Conceived in this way, they are not so much paradoxical as they are dialectical. For every enhancive limit imposed on a given thing, it encourages creativity to express itself. For every creative act, there necessitates a point where they creativity is to end; its natural limit. As such, creativity and limits define themselves through each other. The same way night cannot exist as a concept without day, right cannot exist without left, and self cannot exist without other; so too, creativity is something which cannot exist without limits.
It must be said that the limits considered above are all enhancive. They guide/channel/direct creativity in a way that allows it to express itself.

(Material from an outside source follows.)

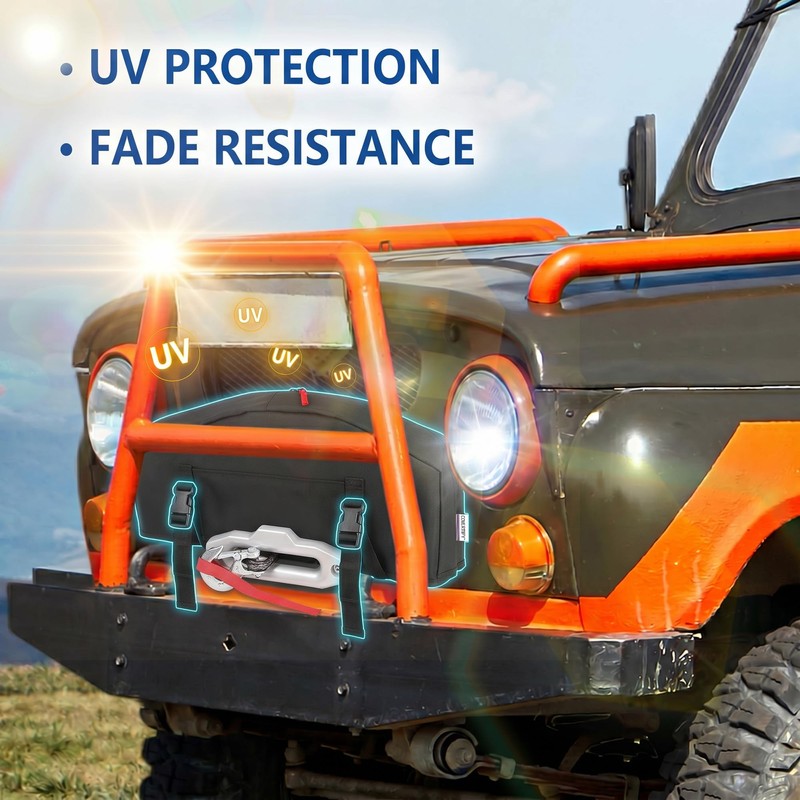 Winch Cover With Buckle, 900D Heavy Duty Winch Cover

Consider a wooden stake and twine in a tomato patch. The stake and twine direct the tomato plant upwards. These two limits enhance the growth of the Tomato plant because firstly, without them the tomato plant would likely fall over on itself and not produce, and secondly, they allow it to keep growing! These structures on the plant enhance because they allow the plant to keep doing what it does: living!
Here we strike at the crux of the matter. A limit is enhancive so long as it allows the object in question to keep doing what it is driven to do. A painter wants to paint, the canvas does not stop this but supports it; people want to communicate and grammar does not stop communication but enriches it; people want to play games and rules do not stop games but allow them to make sense. All these limits are limits which enhance and respect the fundamental reasons why people (or tomatoes) wish to do what they do.
This stands in total contradiction to restrictive limits. We all know restrictive limits when we see them. They themselves are repressive, and worse so when they come under the guise of pretending to enhance. Because of these two features, people claim that restrictive limits are morally wrong. Perhaps rightly so.
But people often conflate restrictive limits with rules/structures/laws/guidelines because these generally tell us what we cannot do. The danger is conflating a limit as something inherently reprehensible, rather than as a more complex phenomenon of restriction or enhancement.
We know whether something is restrictive when we look at the fundamental drive of a thing in question and whether the limits help it flourish, or repress it. What we come to is not that limits or structures are wrong, but that anything which restricts the unique flourishing of the thing in question is wrong, and I think that is something we can all agree on.